A former dean of the ILR School and the current director of the Scheinman Institute on Conflict Resolution, Katz’s work has had a significant and lasting impact on the field of labor and employment relations.
“It was a tremendous weekend celebrating Harry Katz and his many contributions to the field of industrial relations, to Cornell University and to the ILR School,” said Alex Colvin, Ph.D. ’99, the Kenneth F. Kahn ’69 Dean and Martin F. Scheinman ’75, MS ’76, Professor of Conflict Resolution. “It was a wonderful opportunity to welcome back to campus many alumni from our Ph.D. program who studied under Harry, as well as collaborators and co-authors from across Harry’s distinguished career. Many of those in attendance found their passion for industrial relations through working with and learning from Harry.”
The conference, “Labor Relations at a Crossroads: Festschrift Honoring Professor Harry C. Katz,” was organized by Katz’s former students – Colvin; Ariel Avgar, Ph.D. ’08, the David M. Cohen Professor, Labor Relations, Law, and History; and Danielle van Jaarsveld, MSc ’00, Ph.D. ’04, professor of Organizational Behaviour at the University of British Columbia.
The festschrift featured 14 papers presented in seven sessions over two days, with discussions led by several ILR professors, including Colvin; Avgar; Rosemary Batt, A&S ’73, the Alice H. Cook Professor of Women and Work Emerita; and Dionne Pohler, the David and Alexandra Lipsky Professor in Dispute Resolution and Labor Relations.
The papers presented at the conference addressed a range of topics, including dispute resolution, labor conflict, employee voice and well-being, union organizing, immigrant labor, liberal market economies and artificial intelligence in the workplace. The authors have been invited to submit full papers for publication in a special issue of the ILR Review.
“The field of labor relations is at a crossroads,” said Avgar. “For his entire career, Harry has always been at the leading edge of core industrial relations research. The conference gave us the opportunity to discuss where the industry had been, and to see the seeds that Harry has planted over the course of his career, and to have vibrant discussions about where the field is headed.”

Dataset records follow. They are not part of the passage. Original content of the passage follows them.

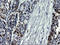 SMAD Family Member 1 antibody, LS-C788519, Lifespan Biosciences, Immunohistochemistry frozen image 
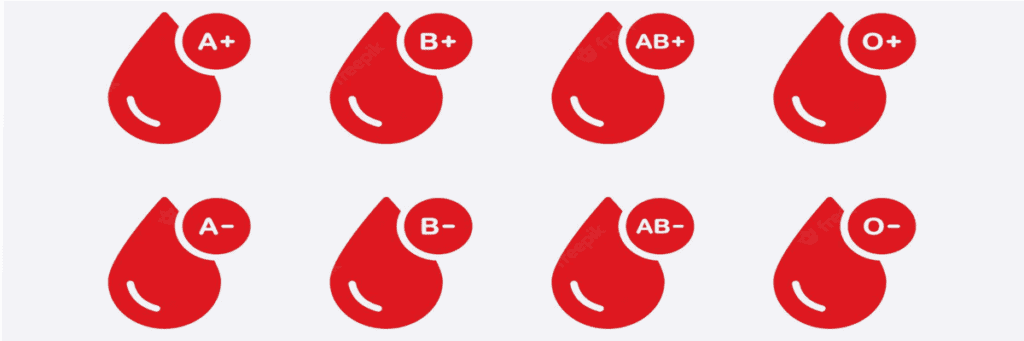 blood cells-blood groups-newzxpress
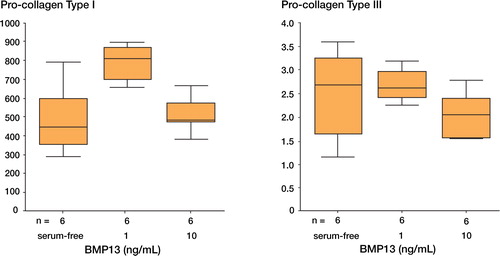 Figure 3. The effects of rhBMP13 on the gene expression of (A) pro-collagen type I and (B) type III by real-time quantitative PCR.The relative gene expression level of pro-collagen type I was significantly increased in human tendon fibroblasts by the presence of rhBMP13 in the medium (p = 0.015 by Kruskal Wallis test).The data are expressed as relative ratio with respect to β-actin.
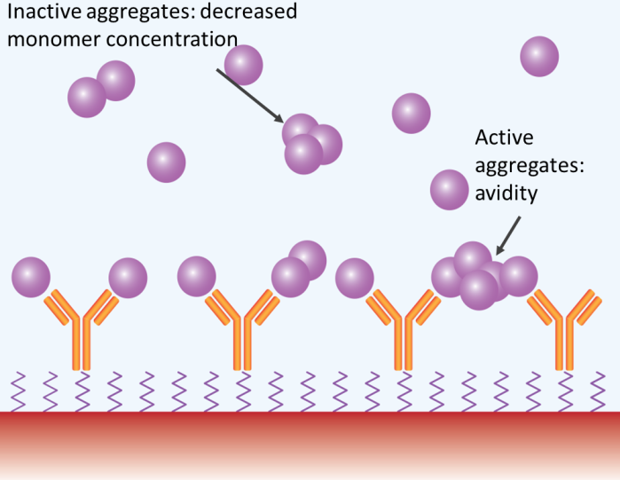 Advancing protein quality control for efficient high-throughput screening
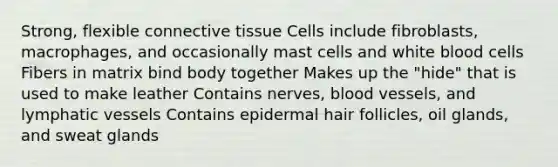 Strong, flexible <a href='https://www.questionai.com/knowledge/kYDr0DHyc8-connective-tissue' class='anchor-knowledge'>connective tissue</a> Cells include fibroblasts, macrophages, and occasionally mast cells and white blood cells Fibers in matrix bind body together Makes up the "hide" that is used to make leather Contains nerves, <a href='https://www.questionai.com/knowledge/kZJ3mNKN7P-blood-vessels' class='anchor-knowledge'>blood vessels</a>, and lymphatic vessels Contains epidermal hair follicles, oil glands, and sweat glands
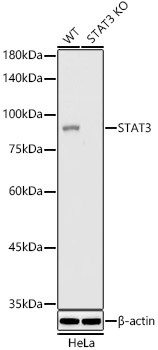 STAT3 Antibody in Western Blot (WB)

One key contribution of Katz’s research has been to advance multi-level analysis of the institutions and processes of labor relations, distinguishing national, sectoral and company-level dynamics. This includes his pathbreaking studies of labor relations in the automobile and telecommunications industries, as well as his international and comparative work examining bargaining decentralization and “converging divergences” in national industrial relations systems.

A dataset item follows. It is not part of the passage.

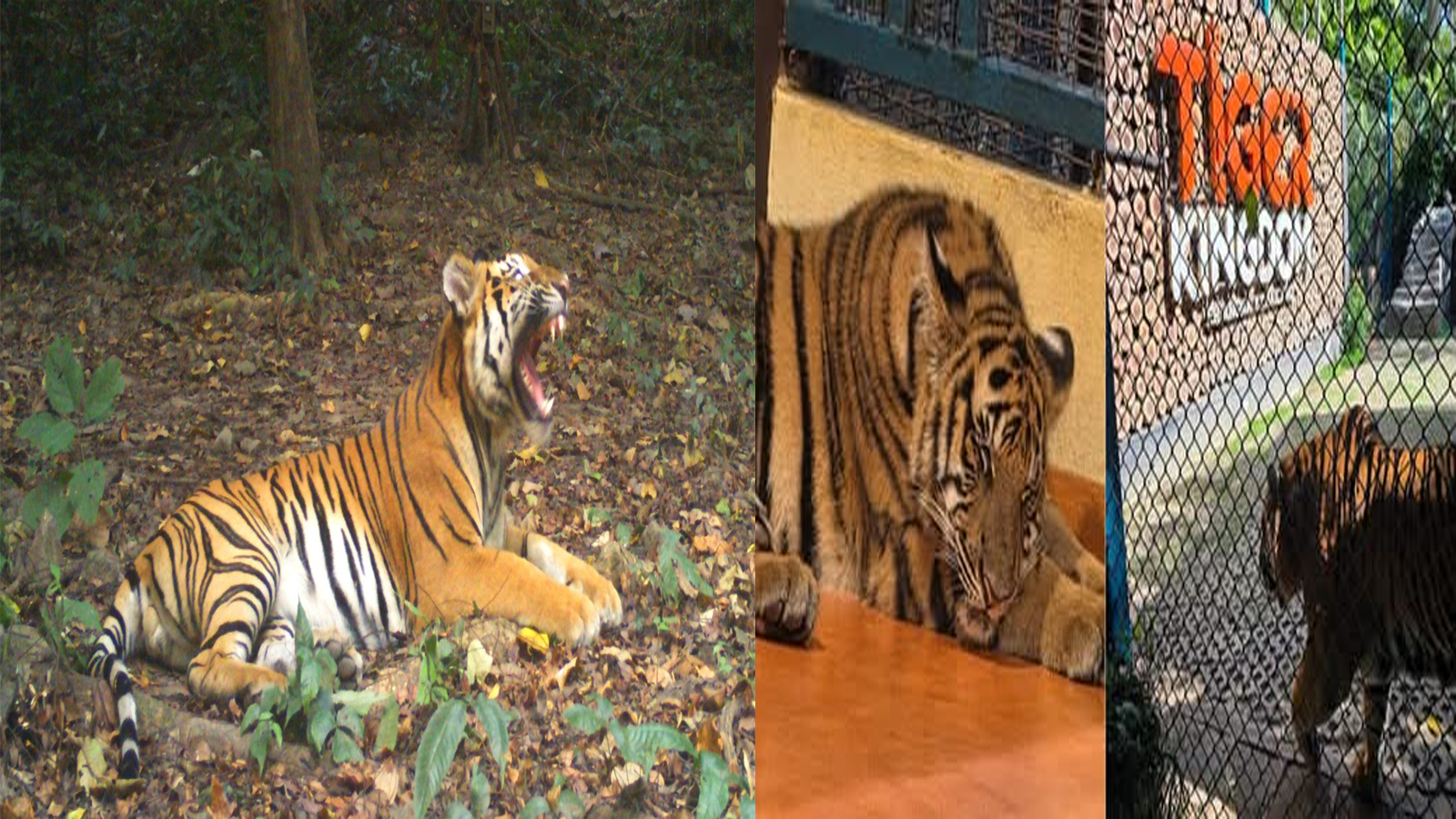 Canine Distemper Virus Kills 72 Tigers at Thailand Tourist Park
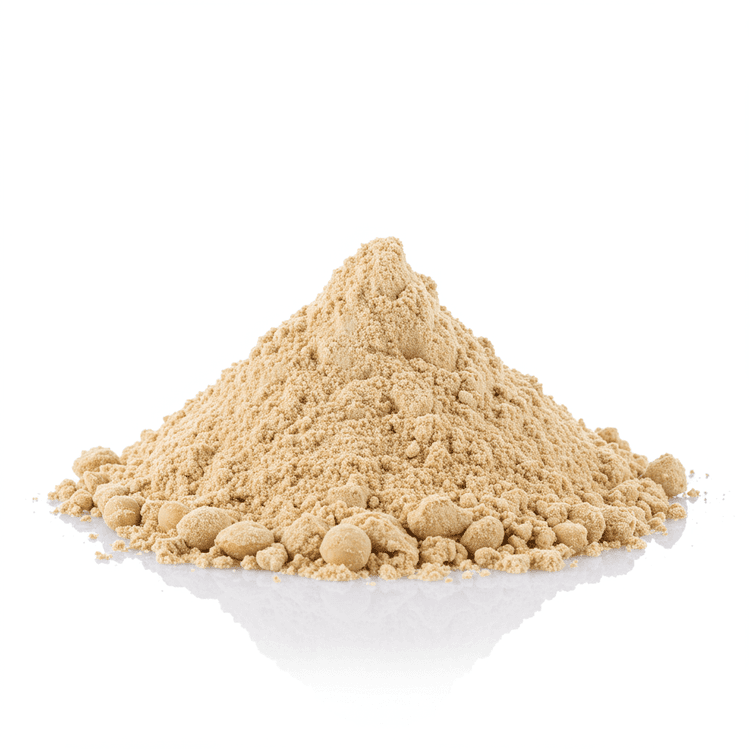 soy protein powder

A second stream of Katz’s research has been to advance the theorization of strategic choices by management and labor unions, and their role in broader trends of union decline and revitalization. His analysis of work restructuring in the American economy in the 1980s, co-authored by MIT’s Thomas Kochan and former ILR Dean Robert McKersie, established the importance of employers’ strategic choices for industrial relations, while another piece of research with Batt and Jeffrey H. Keefe of Rutgers University focused on the revitalization of the Communications Workers of America.

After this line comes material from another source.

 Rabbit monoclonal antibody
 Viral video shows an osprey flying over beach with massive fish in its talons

“Harry was my dissertation advisor,” said Avgar. “So, in a very real sense, he is largely responsible for the fact that I have made the industrial relations field my intellectual home. I feel very fortunate to have learned many lessons from Harry, but when I think about the dozens of Ph.D. students and the thousands of undergraduate and graduate students who have learned from him, I’m struck by the scale and magnitude of his influence. His impact can be seen in careers shaped, institutions strengthened and a field continually renewed.”